Un messaggio cui Orlando replica lasciando trapelare sull’Ansa il commento scambiato con i suoi: “Lotti attacca me per mandare un messaggio ai renziani in fuga“. Chi sono i renziani in fuga? Quelli che, secondo diverse voci provenienti sia da destra che da sinistra, starebbero trattando con Forza Italia l’appoggio a un costituendo governo di centrodestra. Il ministro e leader della minoranza Pd ricorda tra l’altro agli interlocutori di aver dato a suo tempo la disponibilità a candidarsi in un collegio uninominale ovunque, anche periferico, e di aver scoperto solo la notte della formazione delle liste che gli era stata assegnata una candidatura in un collegio plurinominale.
Continuano, intanto, i contatti tra parti del Pd e i 5 Stelle. Come raccontato da ilfattoquotidiano.it, i contatti tra esponenti M5s e del Pd sono già in corso, con i quotidiani che in giornata hanno anche iniziato a far circolare i primi nomi di possibili ministri in quota Pd in un ipotetico governo 5 Stelle (uno su tutti: Marco Minniti) e di altre eventuali concessioni di Di Maio nelle maglie di una trattativa (La Stampa parla della nomina di membri del Consiglio superiore della magistratura). Manovre a cui, però, Andrea Orlando non crede. “Si prova a parlare di questo per evitare una discussione su un risultato che è stato drammatico – spiega il ministro della Giustizia a Radio Capital – È come buttare la palla il tribuna”.
Pur non considerando i Cinque Stelle “il diavolo”, sottolinea Orlando, hanno “preso qualche qualche milione di voti nostri, ovvero di persone che votavano a sinistra, e non li regalerei al diavolo”. Il problema “sta nelle differenze politiche programmatiche con loro”, sostiene il leader della minoranza Pd, più che negli insulti degli scorsi anni perché “anche quando fu fatto l’accordo col centrodestra non venivamo da uno scambio di cortesie in campagna elettorale”.
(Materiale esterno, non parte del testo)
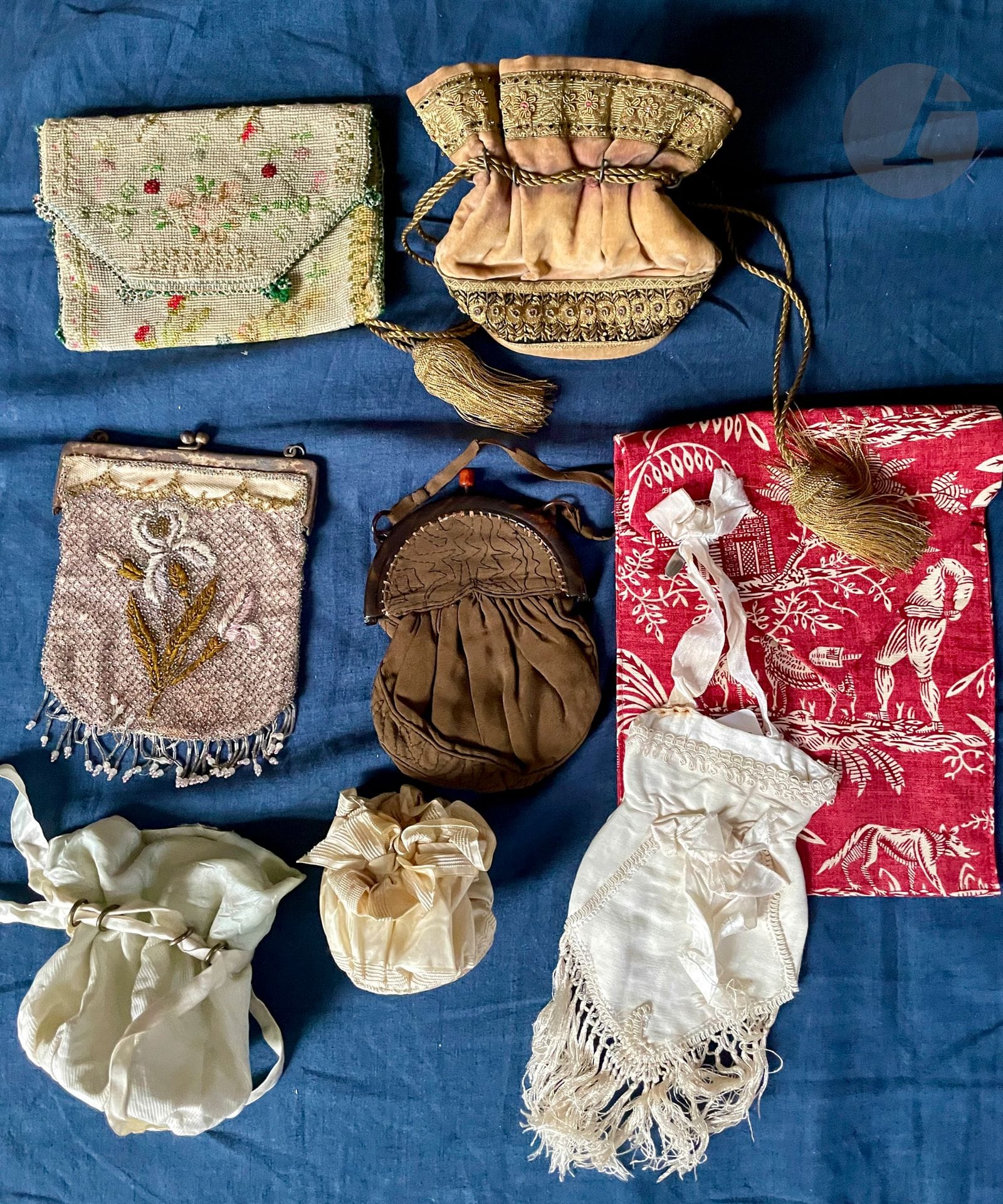 Lot de 9 aumonières ou sacs brodés perle, soie ou fils d'or, fin XIXe- début XXe siècle dont un en velours de soie camel, cordelière à gland et broderie en strass et filé doré : 4 aumonières de mariée ou communiante en soie champagne ou ivoire ; 1 sac perlé et un en soie unie à bouton " corail " vers 1920, une petite pochette brodée au point de croix .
E se Sergio Mattarella facesse capire che vede intesa Pd-M5S? “Quello che dice il capo dello Stato non può essere ignorato ma io non vedo le condizioni politiche programmatiche, non dobbiamo dirgli di ‘no’ ma spiegargli perché questo percorso è di difficile percorribilità, io credo di impossibile percorribilità“, spiega ribadendo la linea assunta mercoledì. “Noi – ha proseguito – avremmo difficoltà a spiegare perché fare accordo con una forza mantiene dei tratti forcaioli, anti-europei con una politica economica incomprensibile e demagogica. Ho visto che Scalfari ha cambiato frettolosamente posizione, se i Cinque stelle diventeranno altro dialogheremo con altro ma i cambiamenti non si fanno con un tweet, sono cose profonde, necessitano discussione”.
Una tema, quello della formazione del governo, che bisogna scindere dal nuovo assetto istituzionale che il Parlamento è chiamato a stabilire dal prossimo 23 marzo con l’elezione dei presidenti di Camera e Senato: “Evitiamo assi privilegiati con i Cinque stelle e anche col centrodestra, si tratta di costruire, come in qualunque sistema proporzionale, una intesa ampia che coinvolga tutte le forze politiche e che dia a Camera e Senato presidenti che siano in grado di garantire tutti. Distinguiamo la questione istituzionale da quella della definizione degli assetti di governo”.